== EXERCISE DESCRIPTION ==
Could you repeat the listing below exactly while leaving its pictures behind?

START AVAILABLE DATA

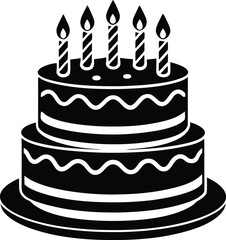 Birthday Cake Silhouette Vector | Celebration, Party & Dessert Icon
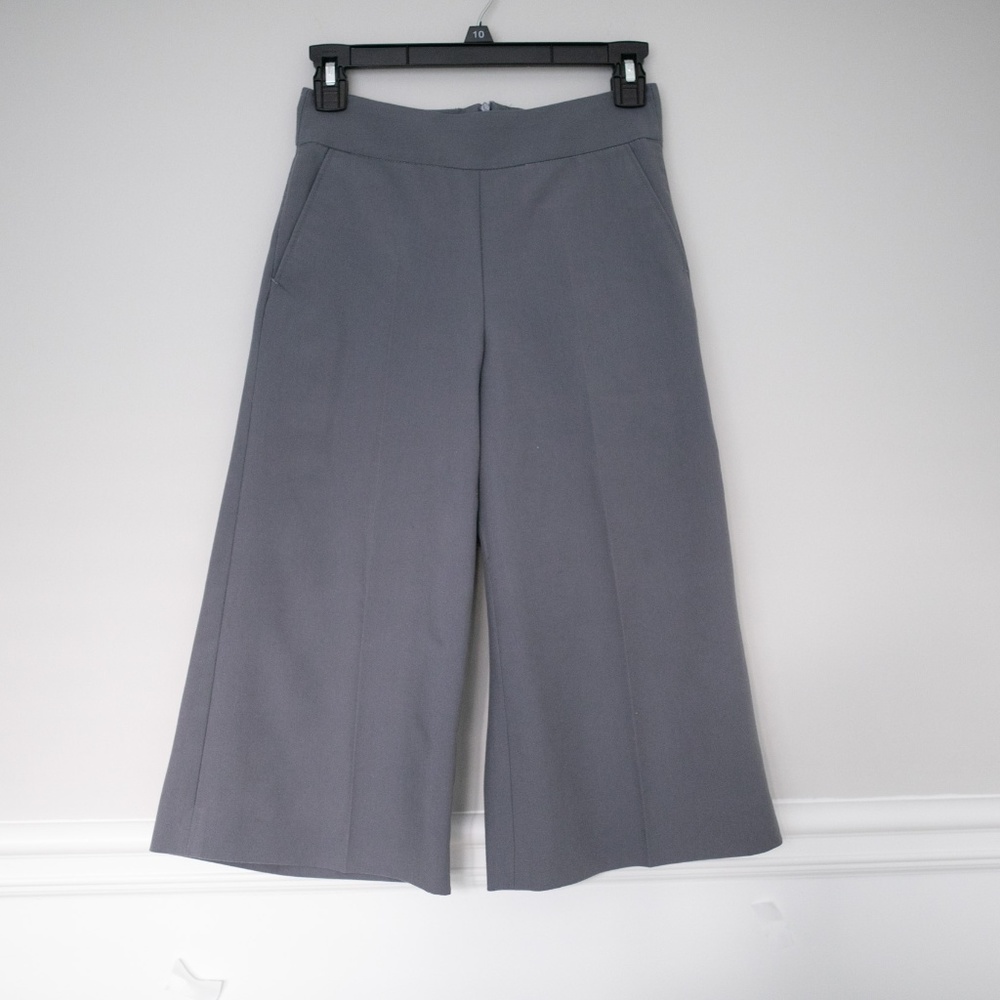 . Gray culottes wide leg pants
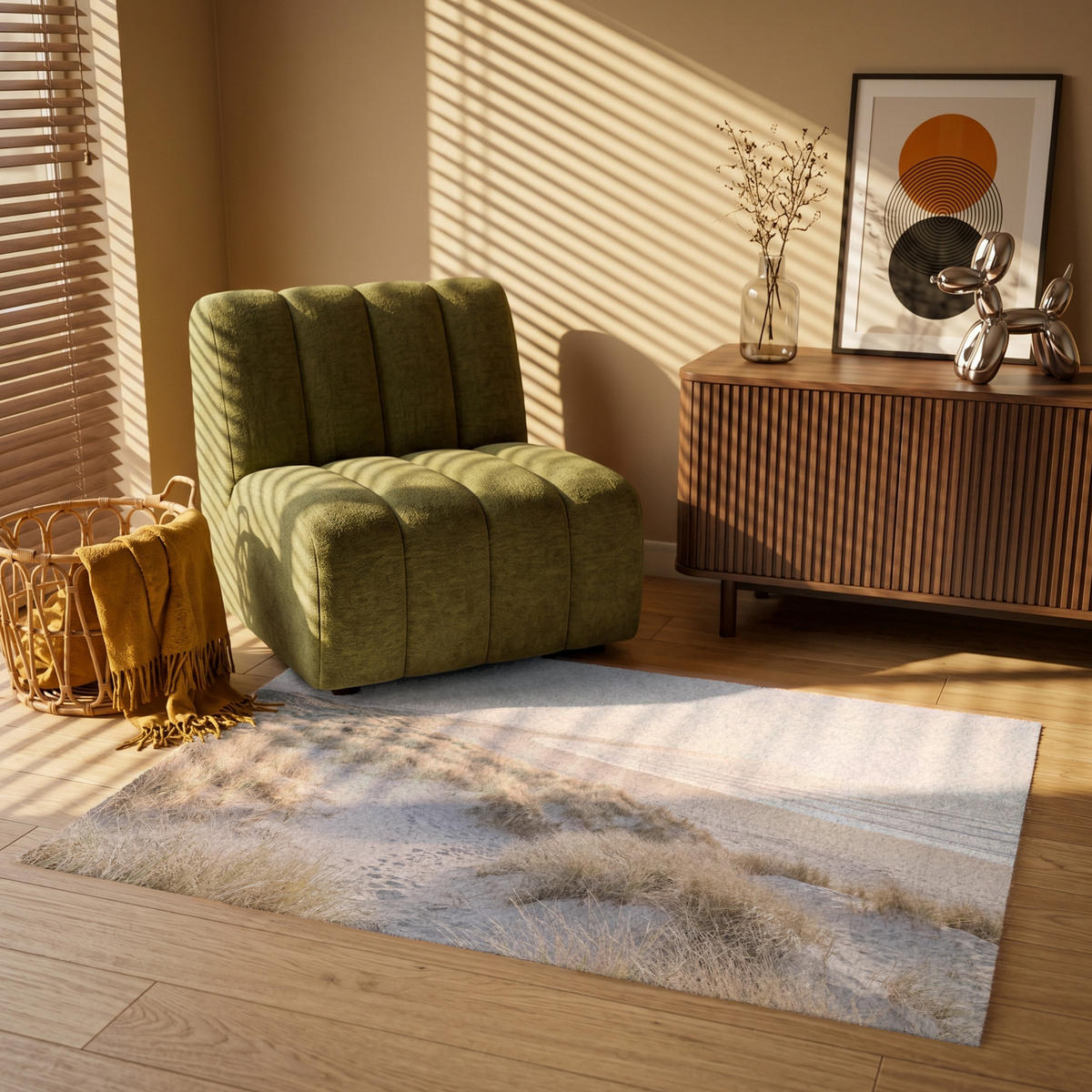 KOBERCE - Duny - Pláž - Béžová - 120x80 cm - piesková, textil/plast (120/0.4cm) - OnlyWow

END AVAILABLE DATA

== RESPONSE BOX ==
 Birthday Cake Silhouette Vector | Celebration, Party & Dessert Icon
 . Gray culottes wide leg pants
 KOBERCE - Duny - Pláž - Béžová - 120x80 cm - piesková, textil/plast (120/0.4cm) - OnlyWow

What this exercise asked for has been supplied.